Not bad for a guy that started out fairly self-taught and focused on doing an event he really knew nothing about. “I had ridden bulls some but was not very good at it, and I had seen saddlebronc riding and wanted to try it. In 2012, I ordered a package deal on eBay that included a bronc saddle, chaps and a vest, and I just started getting on broncs when I could.” Raymond had been on approximately 15 broncs before meeting fellow bronc rider, Sam Swearingen, who helped him in many ways. Raymond now works for Sam at the Rawhide Rodeo Company where he is immersed in rodeo full-time, setting up arenas for shows, and doing behind the scenes work like making hay to feed the livestock and taking care of animals, from bucking horses to bulls and cows.

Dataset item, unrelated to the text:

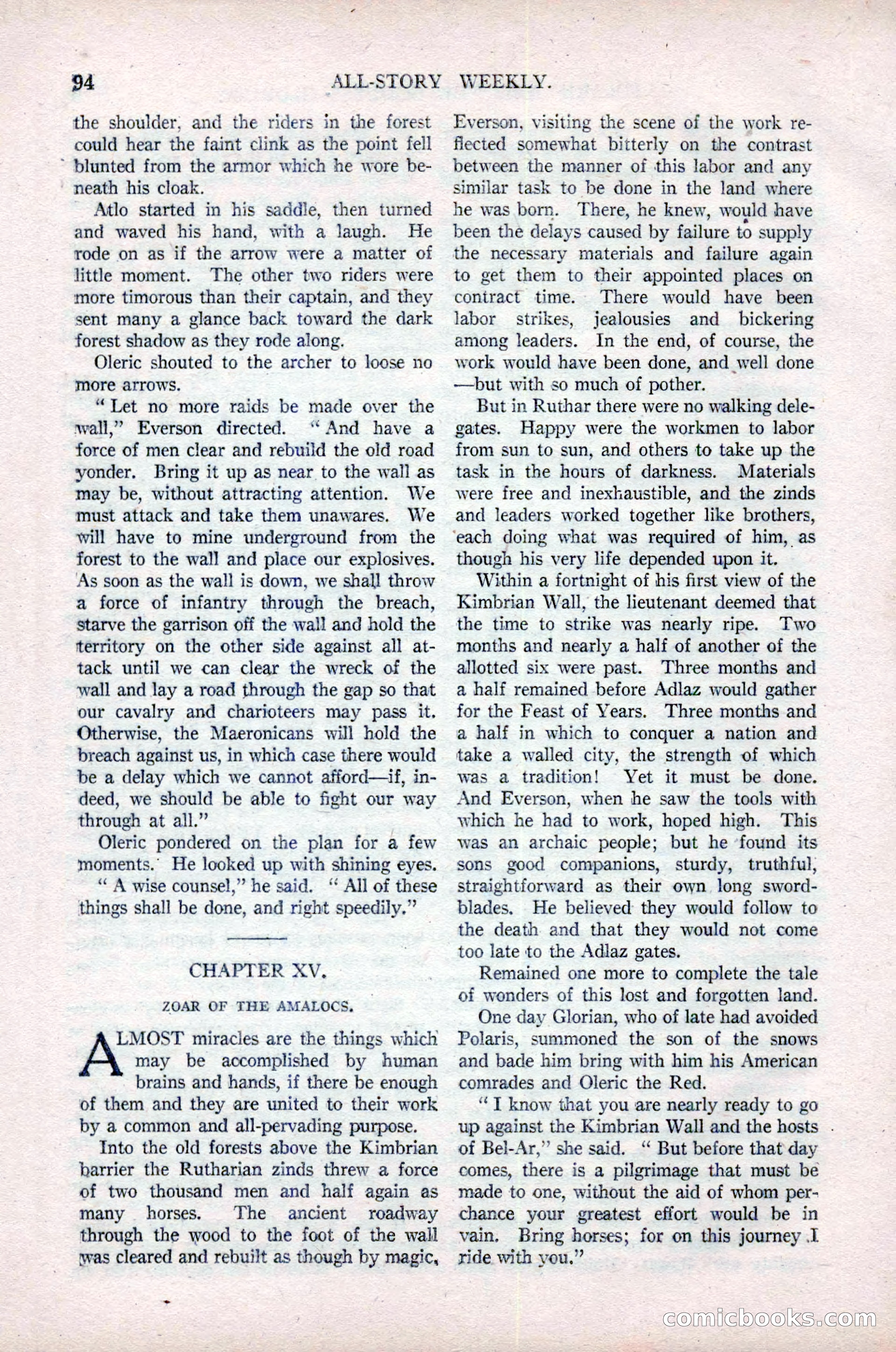 All-Story Weekly, Vol. 76, No. 1 — page 100 of 184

Raymond grew up in Conewengo, New York in a large Amish settlement, as the middle child of his family of 14. At the age of 18, he left the Amish community and moved to Pennsylvania, where he lived with his brother for two years before moving back to New York, about two-hours from the Amish home he was raised in to work for the Rawhide Rodeo Company. Besides Sam’s instruction, Raymond also credits things he learned from a Cody DeMoss bronc riding school, and a Chase Angus school, for the success he’s had in his riding.
His success at the IFR this year started out from the beginning, and the first horse he rode, George’s Bad Cat from Painted Pony gave him a second-place win. “I hadn’t ever been on him, but he was really good, he’d actually been to the WNFR as a bareback horse.” The second round, Raymond split first-place after riding a good horse from Buckeye, before splitting second place on his third horse of the competition. “The last horse I rode was a good horse to win on, Cherokee Kid from Rafter M; I won it with 82 points and that helped me win the average and the title.” The successful finish felt great to Raymond, “My first finals, I let my nerves get to me, I felt nervous and didn’t do very good. I figured this year I was going to do it different and just have fun but try my best, and it worked out.”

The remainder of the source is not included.